The team too, has had to adapt, with AF Corse, like Porsche's Prospeed moving to a full LMS campaign after the SRO's GT2 championship fell through. However, AF Corse have found the move far easier than Prospeed, though they were no doubt helped by the fact they have often competed in ACO races before, using the 'Advanced Engineering' moniker. In both series, and under both names, AF Corse have had plenty of success. If Alesi and Fisichella (and AF Corse stalwart Vilander) can continue their rapid start to the season they could easily be fighting Risi for top Ferrari and victory.
No.96 – AF Corse – Ferrari F430
Drivers – Luis Perez Companc/Matias Russo/Mika Salo
Argentines Companc and Russo, the former a more experienced rally driver than GT racer, burst onto the GT2 scene in 2009 when they finished second at Sebring, with Gimmi Bruni as third driver. However, they have struggled ever since to prove that that result was anything other than a lucky fluke, especially given that they have had the expertise of AF Corse/Advanced Engineering behind them, who are easily Europe's best Ferrari squad.
This year Bruni moves to American rivals Risi, swapping places with Mika Salo. Salo is a veteran of Ferrari GT2 efforts and of Le Mans, but he alone cannot carry the team, and needs his teammates to revist their Floridian form if he is to add to his trophy cabinet.
No.97 – BMS Scuderia Italia – Porsche 911 GT3 RSR
Drivers – Richard Westbrook/Marco Holzer/Timo Scheider
I-Spy with my little eye something beginning with P and S.
Surely nothing else could make Scuderia Italia move from Ferrari – a brand that is their natural home – to Stuttgart's finest. Westbrook and Holzer are Prospeed's regular drivers – Westbrook is the reigning class champion from the FIA series and Holzer is another of the Porsche works stable. Scheider is the reigning and double DTM champion for Audi (who are owned by Porsche) making his Le Mans debut.

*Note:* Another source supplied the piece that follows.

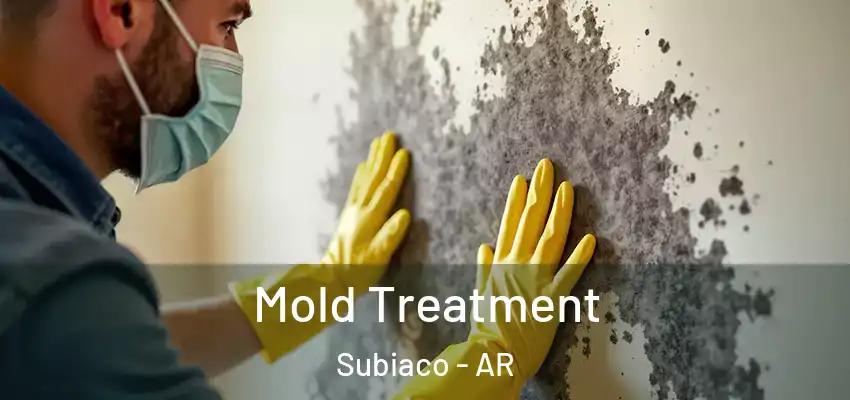 Mold Treatment Subiaco - AR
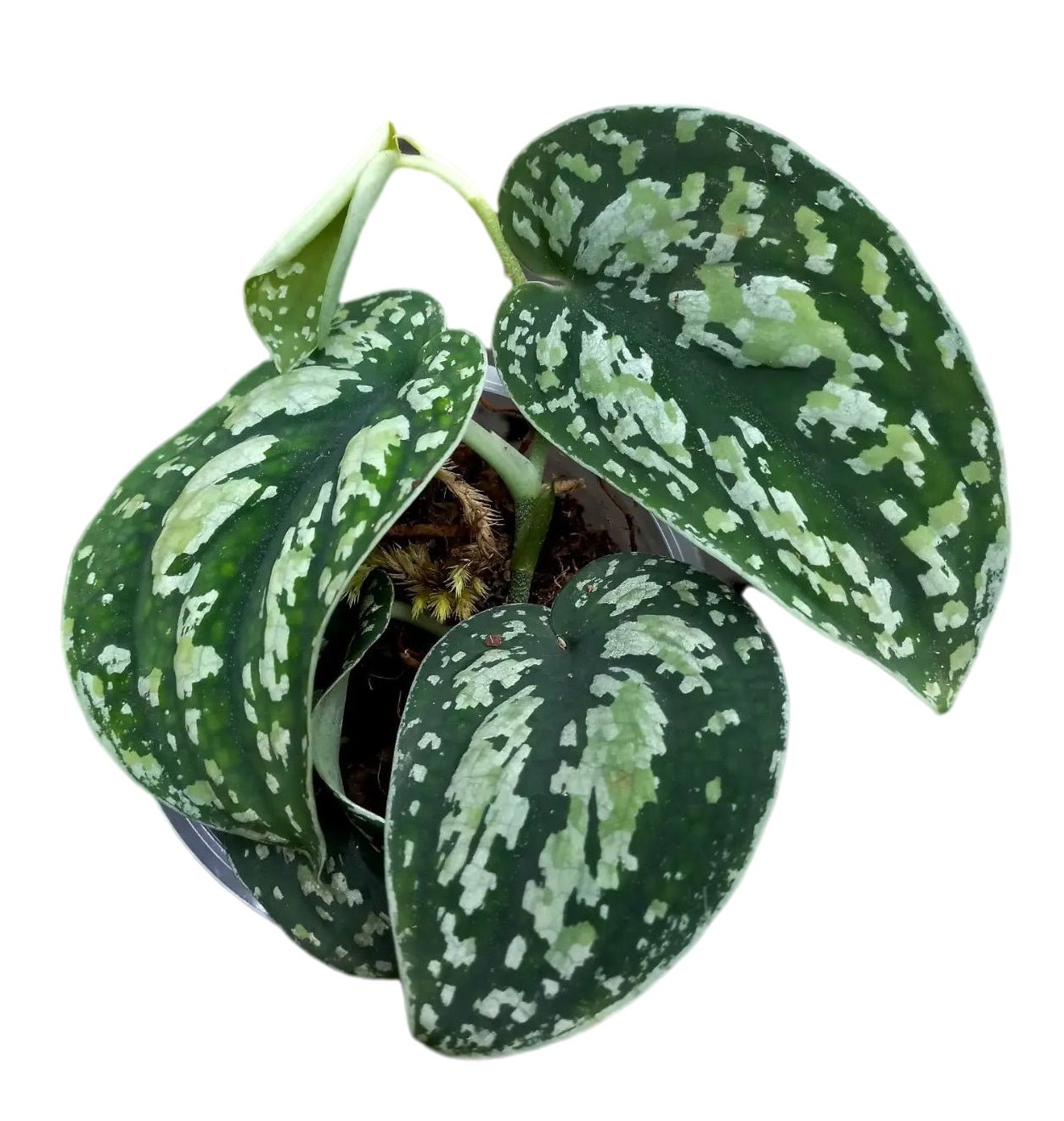 Discover the Beauty of Scindapsus: Shop the Best Scindapsus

Naturally in a team with two GT2 veterans all eyes will be Scheider to make the potential mistake, as he like Farfus in BMW has to make the jump from Touring Cars to endurance racing on fast-forward.
The team pulled off a surprise (to me at least) second place at Le Mans last year with a far weaker driving threesome, but in a Ferrari. How the team copes with the switch to Porsche, for what at the moment is a single race, will decide whether they can come anywhere close to delivering for their new masters.
The 78th running of the 24 Hours of Le Mans takes place on the 12th and 13th of June, with television coverage varying. However, full live-from-La Sarthe coverage is available from Radio Le Mans on www.radiolemans.com.